Let us not forget the purpose of technology—having to do way less while still appearing cool. Folks have smart phones that can command gadgets to dispense pet food when they just can’t make it home at dinner time due to such emergencies as happy hour, workouts, pedicures, etc. Now ain’t that special?

I’m always thinking, why don’t you just train that dog to behave? Turns out not all breeds are trainable and many, many pups will remain on a leash for their entire lives.

In addition, of course, to the fact that billions of pet owners just don’t have the time or ambition to raise a good dog.

Which always leads back to my same question…WHY DO YOU OWN A PET???

It’s a fact of life—no one likes everyone. And that rings true in the doggy world as well. Our dog Buck has proved that over and over again.

He’s the official shop dog for Lucky Dogs and greets each and every vehicle personally.

Bucky has limited leash experience (vet visits only) and he’s not shy about his arrogance regarding personal freedom. And why not? He’s EARNED his freedom.

Here’s a dog that listens. He’s been taught because nobody wants their vet chart’s final entry to read HBC (hit by car.) Granted, it took a few years but he gets it. No means no, etc., etc.

When folks exit their vehicles with a leashed pup in tow I swear Bucky seems to shake his head in confusion, then promptly walks away.

No doubt he considers his tethered brethren a lesser breed for having to be restrained and loses interest immediately.

Again, like their owners, dogs choose their friends. With their insane gift of scent they can sniff out an enemy from miles away and believe me, I think we share the same taste.

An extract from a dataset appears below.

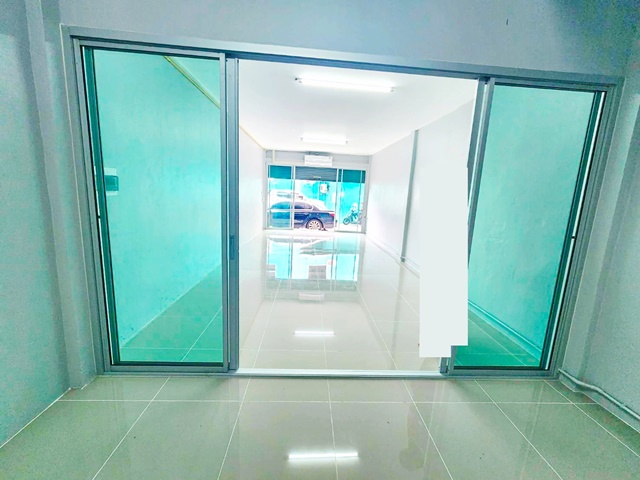 รัชดา สุทธิสาร BTS สะพานควาย 1 กม. ตลาดนัดจตุจักร 1.4 กม. 3นอน 2 น้ำ ให้เช่าโฮมออฟฟิศ 3 ชั้นรวมดาดฟ้า 21 ตร.วา.241 ตร.ม.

He can spot a pampered pooch at a glance, THROUGH A CAR WINDOW!!…and he promptly dismisses it with a diva-like head toss followed by a blatant “watch my tail.” It’s hysterical to observe.

So which came first, the undisciplined animal or the unruly children? Or do they all happen at once? If you can’t train your pet to behave, is your success at childrearing compromised?

Do you simply exist in a land of no boundaries? Take a moment to reflect on your friends/family with pets AND kids.

Anyone see a pattern here? I’ll be the first to admit, my daughter’s dog in the most spoiled arrogant little thing on this planet. Therefore, I have abandoned that burning desire for grandbabies.

Oh, I’ll love ‘em if they get here, but boy oh boy, talk about a dog-eat-dog world.